Increased revenue and reduced costs: An effective CDP solution aims to deliver highly targeted campaigns to the right people with the right message at the right time. In turn this increases brand recognition and customer engagement, thereby increasing conversion rates, sales and revenue.
As well as providing opportunities to increase revenue they are also important when it comes to eliminating inefficiencies and reducing costs. The deployment of highly targeted and personalised marketing campaigns can improve the ROI delivered by those campaigns, reduce wasted spend on marketing and advertising, and improve efficiencies in lead generation and sales processes.
Improved data management and customer consent
One of the biggest benefits associated with having a CDP is in terms of data and consumer privacy. According to Jake Bennett, writing for Martech Advisor, by collecting and unifying customer data from across disparate sources, CDPs help ensure that customers’ privacy preferences are enforced across all marketing channels, and that privacy officers are able respond to customer privacy inquiries swiftly by giving them one system of record to work with.
Prior to implementing a CDP solution, Treller from SAP recommends having a policy and process in place to address data privacy and obtaining customer preferences on how their data can be used. Treller advises, “The first step before any business can begin their CDP journey is to address privacy requirements and understand when and where customer data can be used, it’s important that an organisation has a platform in place to address customer consent”.
He adds, “A CDP improves an organisations’ ability to understand where and when to use customer data – an issue which is often-overlooked by businesses. When a business understands how and when a customer is comfortable to let them store and use their data, it instantly becomes a more trusted partner as their customers feel more comfortable about sharing their information”.
Evaluating solutions
There are a number of CDP software vendors in the marketplace. The list is likely to keep growing as this software category evolves and increases in popularity. There are many factors to consider when evaluating a CDP. The first step is to understand what the business challenge is and how a CDP will help with that.
Treller advises that there are number of questions to keep in mind throughout an evaluation. Which include:
- Do you have a cohesive data strategy at the moment?
- Where do you collect the data from?
- Do you give your customers the opportunity to consent on what you do with their data?
- What other systems do you need to collect and share the data?

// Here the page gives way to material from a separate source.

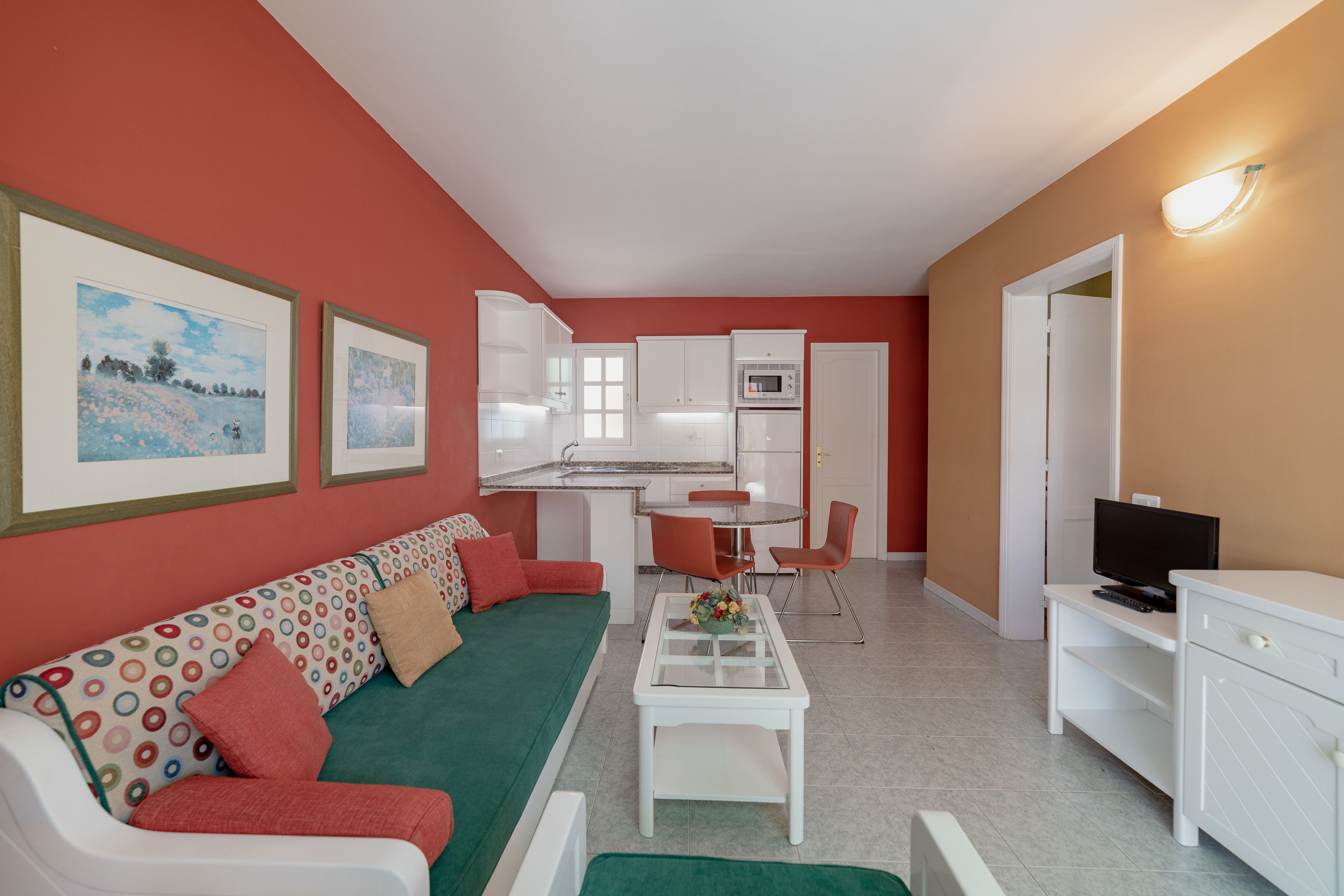 A compact living space with a sofa, a coffee table, a television, and a kitchenette area.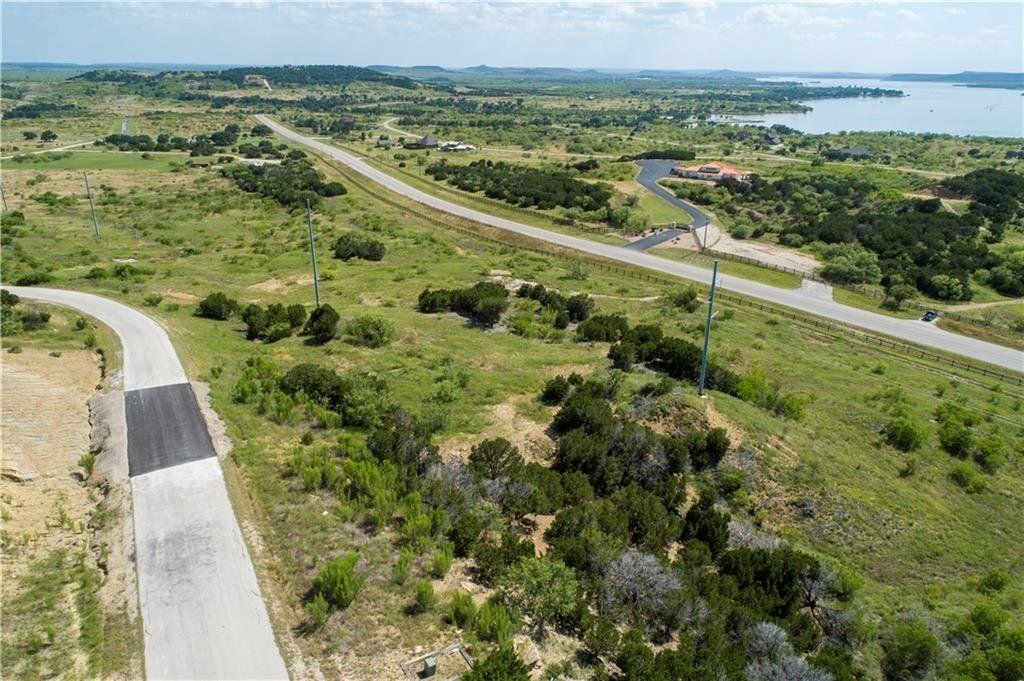 An aerial view of a road going through a grassy field.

- Do you have an organisation-wide roadmap or siloes?
Undertaking a proof of concept (POC) project, incorporating an hands-on evaluation of the various products, may be extremely useful. Many of the cloud-based CDP vendors provide a 1-month free trial of their products, allowing you to test their capabilities. The biggest challenge in implementing a CDP, however, according to Treller is the fact that most organisations use multiple systems and platforms to collect customer data.
He advises, “It’s important that the platform you select provides the tools to seamlessly onboard and integrate all of these many sources of data, including those that have no code interfaces, flexible domain models, dynamic segmentation, audience management or key performance indicators”.
Customer data platforms (CDPs) are gaining in popularity
because of the value that they can bring to an organisation. A CDP assists organisations
to understand their customers since it creates a truthful and unified view on
customer behaviour and their transactions. It achieves this because the data is
being cleansed, deduped, modelled and stored in one place and not fragmented
across silos and different departments.